Natürlich hatte ich verstanden und kapiert. Mich bewegte etwas anderes: „Wie viele Amtstuben, also Schilder gibt es denn?“ Er zuckte mit den Schultern: „200? 250? So um den Dreh.“ Okay, dachte ich, sechs Wochen sind 30 Arbeitstage, also muss ich so zwischen sieben und acht Schilder am Tag schaffen. „Wo muss ich mich morgens melden?“ Der Typ lachte lautlos. „Bei niemandem. Du kriegst von uns einen Ausweis, damit kannst du rein und raus wann und wie du willst; musste nur beim Pförtner vorzeigen.“ Hey, dachte ich: ein Traumjob! Tatsächlich kontrollierte mich in der ganzen Zeit kein Mensch, und jeden Freitag konnte ich mir 298,60 Mark bei der Kassenstelle abholen. Was noch besser war: Nachdem ich den Bogen raushatte und meine Tätigkeit, ähem, rationalisiert hatte, schaffte ich bis zu zwanzig Schildchen am Tag – das Herumlaufen im gruseligen Amt samt Fahren im Aufzug nahm mehr Zeit in Anspruch als die ganze Malerei.

Wenig Arbeit, gutes Geld

Es wurde noch besser. Ich richtete mich unterm Dach wohnlich ein, brachte mir Zeichenblock und Stifte mit sowie das jeweilige Buch und teilte mir die Tage so ein, dass ich morgens gegen halb neun auflief, zwei Stündchen arbeitet, um mich dann bis mittags meinen eigenen Dingen zu widmen. Nachmittags malochte ich dann um die drei Stunden, und gegen sechzehn Uhr dreißig machte ich Feierabend. Zwischendurch telefonierte ich viel und sah auch einfach nur aus dem Fenster. Zudem war ich mit Speisen und Getränken bestens versorgt, den die bekam ich in der hochsubventionierten Kantine für sehr, sehr kleine Mark; das Stammessen kostete für Arbeitsbeamte, also auch mich, gerade einmal 80 Pfennige, der nicht besonders gute Kaffee einen Groschen, und selbst Cola und Süßigkeiten wurden zu Großmarktpreisen verkauft.

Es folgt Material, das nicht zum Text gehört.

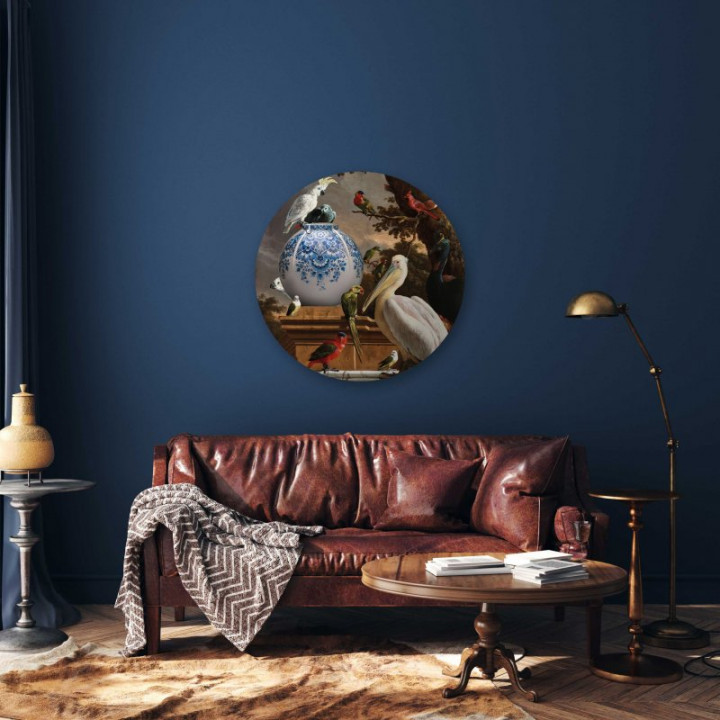 Wandcirkel Pelikaan 100 cm aan de muur woonkamer Heinen Delfts Blauw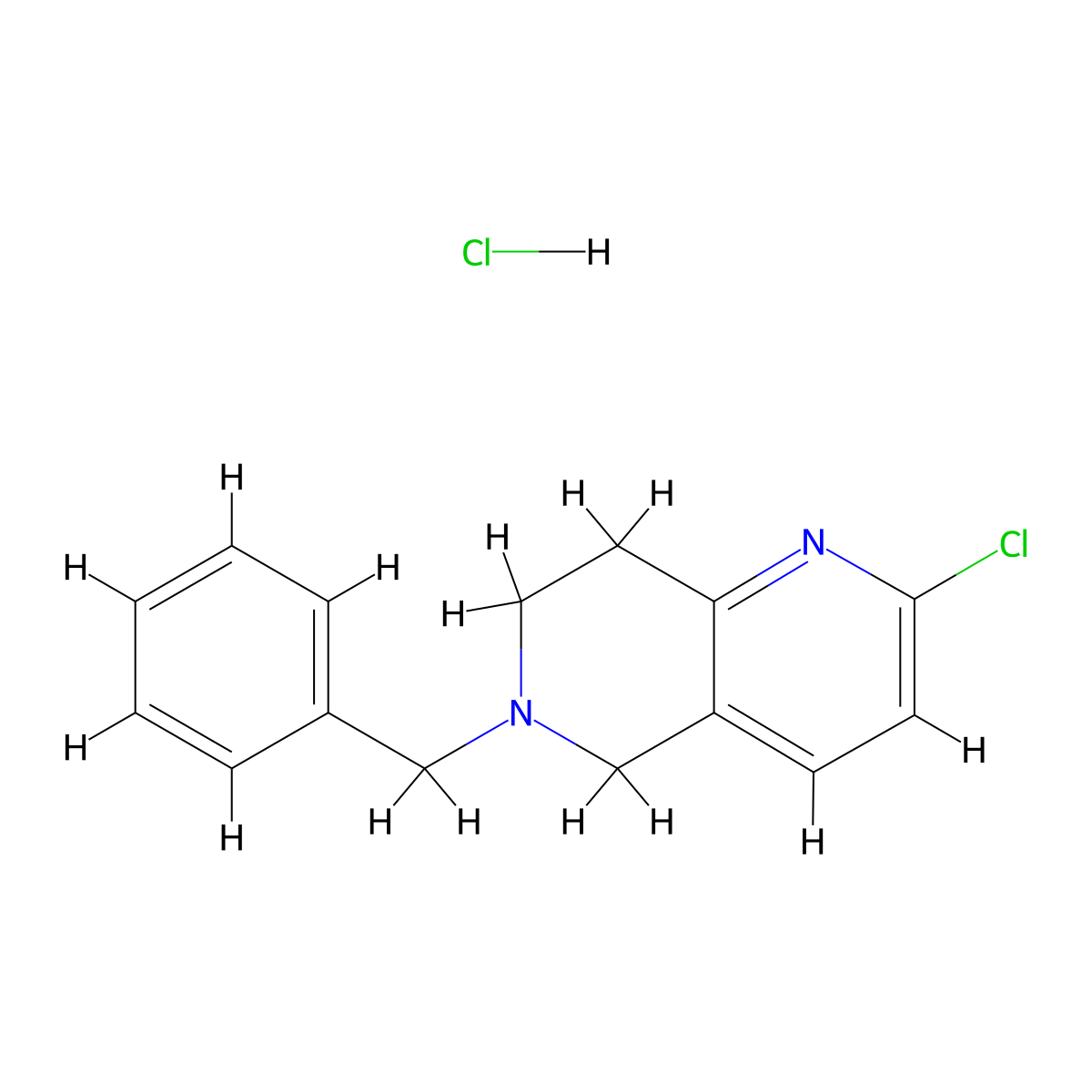 6-N-Benzyl-2-chloro-5,6,7,8-tetrahydro-1,6-naphthyridine hydrochloride molecular structure, CAS 1172576-12-3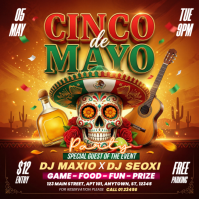 Red Joyful Cinco de Mayo Party Instagram Post Wpis na Instagrama template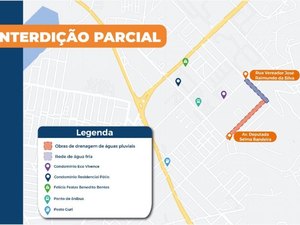 Ruas do Antares serão parcialmente interditadas para obras de drenagem a partir desta quinta-feira (14)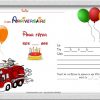 Carte Invitation Garçon Thème Pompier Avec Cadre tout Carte Invitation Enfant A Imprimer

Ich verdiente also gut und gab wenig aus. Mit den Hausmeistern freundete ich mich ebenso an wie mit dem Kantinenpersonal. Die Hausmeisterbude war tapeziert mit Pin-ups und Fortuna-Fotos, und hätte ich was von Fußball verstanden, hätte ich mit den Jungs stundenlang fachsimpeln können. Außerdem kannten mich nach zwei Wochen fast alle Arbeitsvermittler, weil ich denen ständig auf den Fluren begegnete oder ich bei den meisten schon einmal im Zimmer gestanden hatte. Obwohl ich alles ruhig angehen ließ, war ich nach etwas mehr als vier Wochen doch fertig. An allen Türen prangten ordentlich gemalte Schilder mit der jeweiligen Nummer des Zimmers und den Namen der Insassen. Ein paar Tage druckste ich gegenüber dem Oberhausmeister rum, aber dann legte ich das Geständnis ab. Er lachte: „Und? Alles jut! Schöne Schilder haste gemacht, alle freuen sich. Und jetzt machste es dir da oben einfach gemütlich. Hast doch bestimmt was fürs Studium vorzubereiten.“

So locker nahm man es in den Siebzigerjahren in den Behörden. Die Arbeit wurde gemacht, aber schön langsam und sorgfältig, denn man wollte ja als Beamter auch Mensch bleiben. Deshalb suchte ich mir in den folgenden Jahren mit Vorliebe Ferienjobs im Bereich der öffentlichen Verwaltung, was mir auch gelang. Aber das ist eine andere Geschichte, die im oben erwähnten Stahlhof spielt. Meine Schilder taten viele Jahre lang Dienst und wurden erst so um 1976 herum durch moderne Stecktäfelchen ersetzt, die natürlich viel flexibler und vor allem moderner waren.